* _PROBLEM DETAILS_:
Provide again, from the entries below, every line from the one containing "Photo of the" through the one containing "New 2026 Diamond", exactly as written, and no other line.

----- SUPPLIED ENTRIES -----

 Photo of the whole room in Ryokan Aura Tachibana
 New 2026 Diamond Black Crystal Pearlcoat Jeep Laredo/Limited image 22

-----
----- SUPPLIED ENTRIES -----

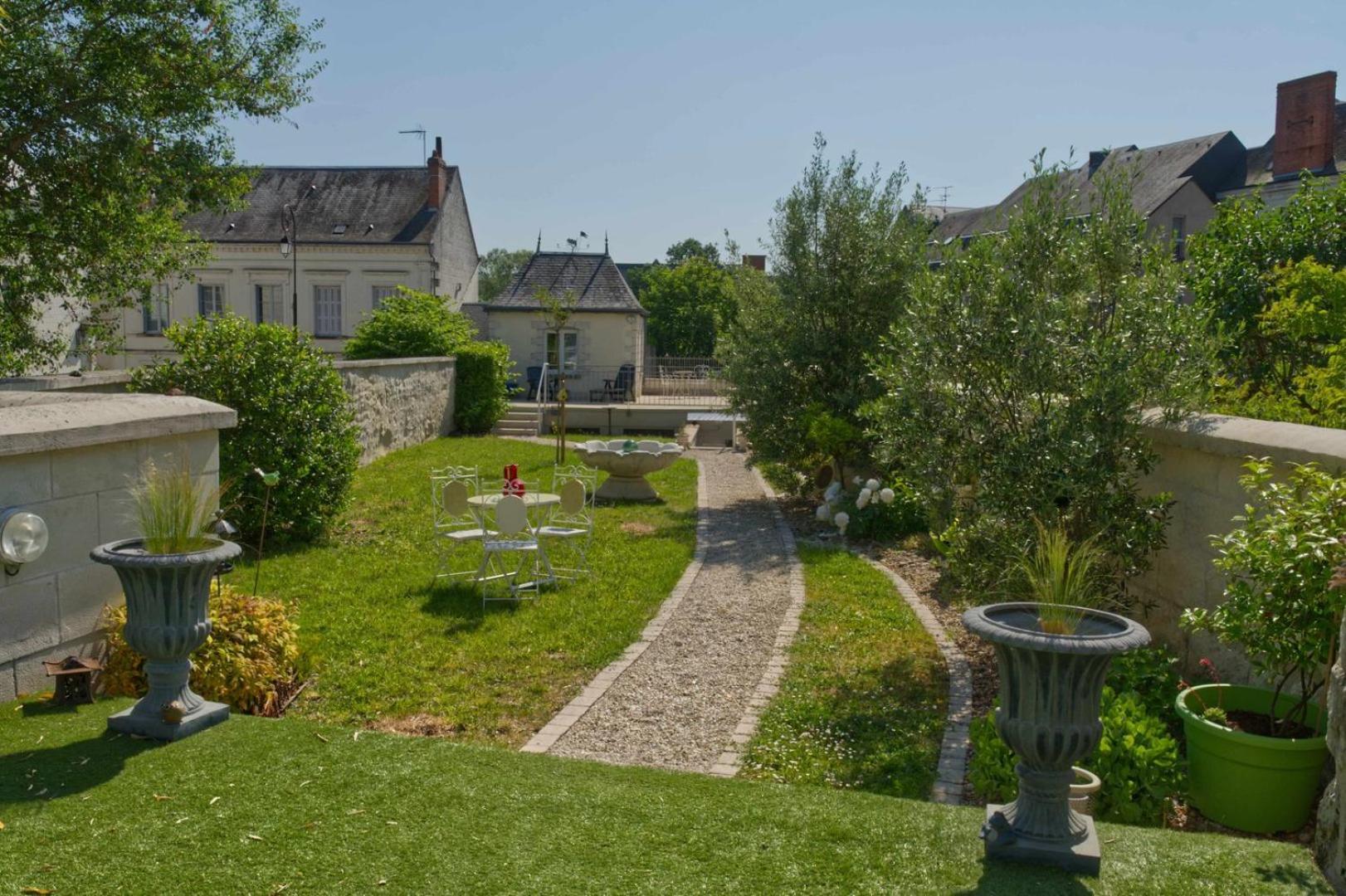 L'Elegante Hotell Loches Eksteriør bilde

-----

* _EXERCISE RESPONSE_:
 Photo of the whole room in Ryokan Aura Tachibana
 New 2026 Diamond Black Crystal Pearlcoat Jeep Laredo/Limited image 22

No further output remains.